= Lilit Manukyan =

Armenian game show contestant

Lilit Manukyan (Լիլիթ Մանուկյան; born 1979) is an Armenian game show contestant in Spain. In 2014, she became the first foreigner and first non-native Spanish speaker to win the vocabulary-based show Pasapalabra, taking a jackpot of €318,000. From 2020 to 2026, she was a "Chaser" on El cazador, Spain's version of The Chase.

==Early and personal life==
Manukyan was born in Yerevan in Armenia, and lived in Russia between the ages of 16 and 28. In Russia, she graduated with a degree in foreign business and worked in several companies.
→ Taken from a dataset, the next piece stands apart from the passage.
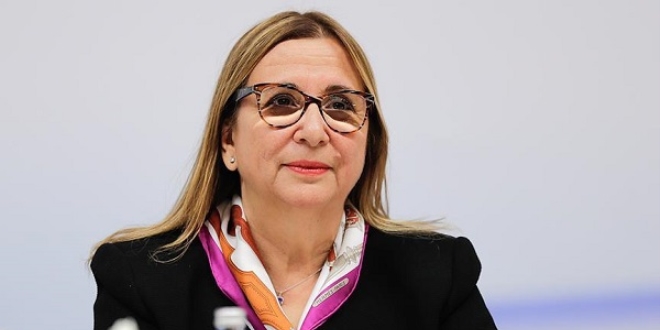 'Türkiye gelişmiş ülkelerden pozitif yönde ayrışmıştır'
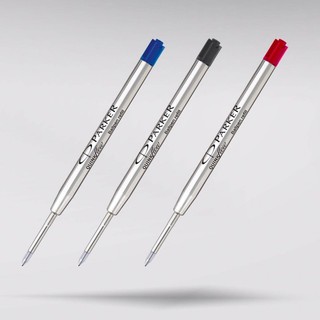 Ruột Bút/Viết bi Parker. Do VPP Hiếu Cường cung cấp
She then moved to Spain, choosing the country due to having a cousin there and not perceiving it to be hostile to immigrants.
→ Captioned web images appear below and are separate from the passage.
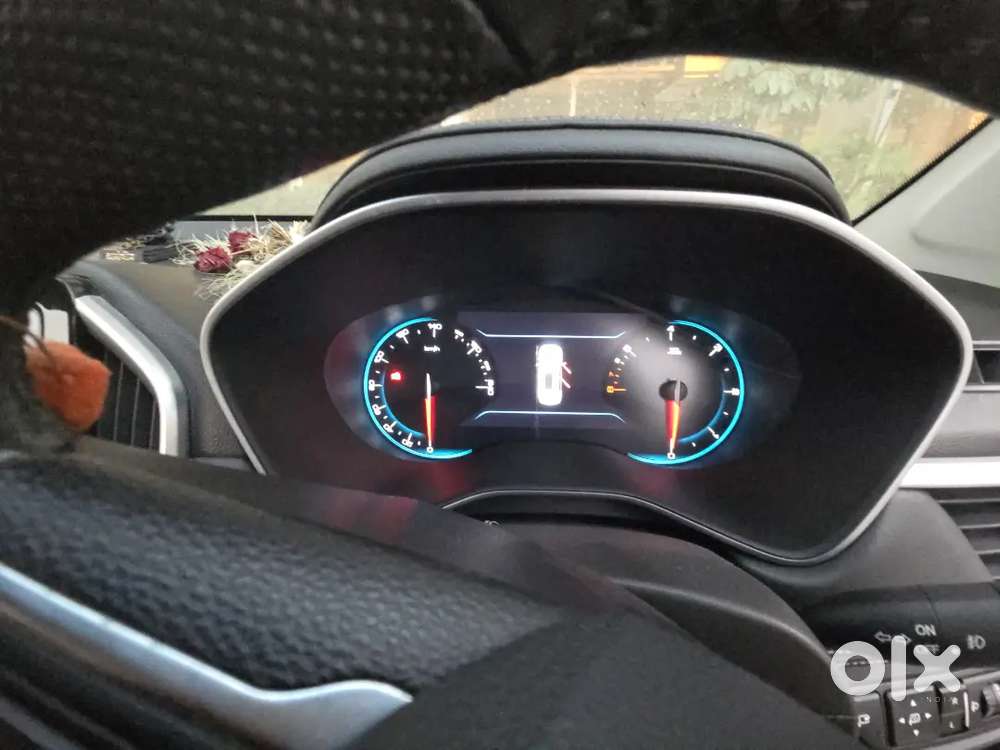 Mg Hector 2020 Petrol Well Maintained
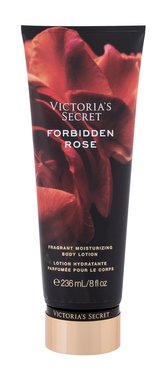 Victoria´s Secret Forbidden Rose Tělové mléko 236 ml pro ženy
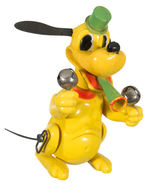 PARTY PLUTO MARX WIND-UP.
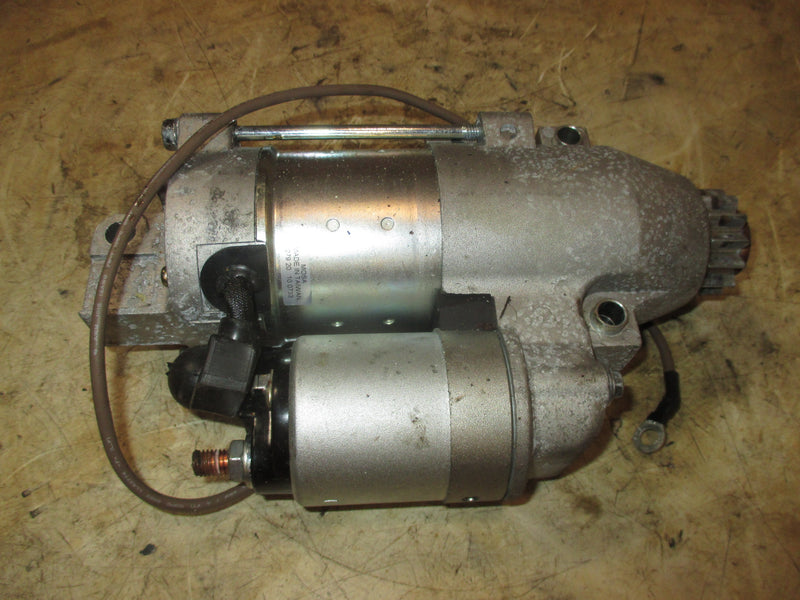 Yamaha/Mercury 225hp 4 Stroke After Market Starter Replaces (69J-81800-00-00)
Manukyan had taken only a few classes in Spanish before arriving in the country in June 2007, and began working as a babysitter or car washer, making far less than €1,000 per month. As of 2022, Manukyan was married and had a daughter, and was employed as a commercial operator coordinator at a Renfe train station in Valencia.

==Game shows==
Manukyan, who was already a fan of television game shows, began watching Saber y ganar and Pasapalabra in Spain. When she discovered she knew the answers to ten of the questions on the latter's rosco final, she began training to win it, using an online forum to learn from a former jackpot winner. Believing that winning Pasapalabra was more economically viable than her work at the time, she studied six hours a day for the show. Manukyan said in 2022 that her ability in the Spanish language was not perfect, particularly on grammar, but that Pasapalabra only required knowledge of definitions.

Manukyan began competing on Pasapalabra in December 2012. After 37 shows, on 21 November 2014, she won €318,000, becoming the first foreigner and first non-native speaker of Spanish to win the jackpot on the vocabulary-based show. She lasted 85 episodes on the show. Manukyan's jackpot and number of episodes were both the second-most for a female contestant on the show, behind fellow future cazadora Paz Herrera. In September 2017, to mark the show's tenth year on Telecinco, Manukyan took part in a Supercopa, finishing runner-up to fellow future cazador David Leo and taking €25,000.

After Pasapalabra, Manukyan also competed on Atrapa un millón, the Spanish version of The Million Pound Drop on Antena 3; and 15 episodes of Saber y ganar on La 2.

In December 2019, Manukyan was announced as one of four game show veterans to be cazadores on El cazador, the Spanish adaptation for La 1 of British game show The Chase. She combined the role with her job in Valencia. Manukyan had to study general knowledge for the role, with her weaknesses being football and modern music.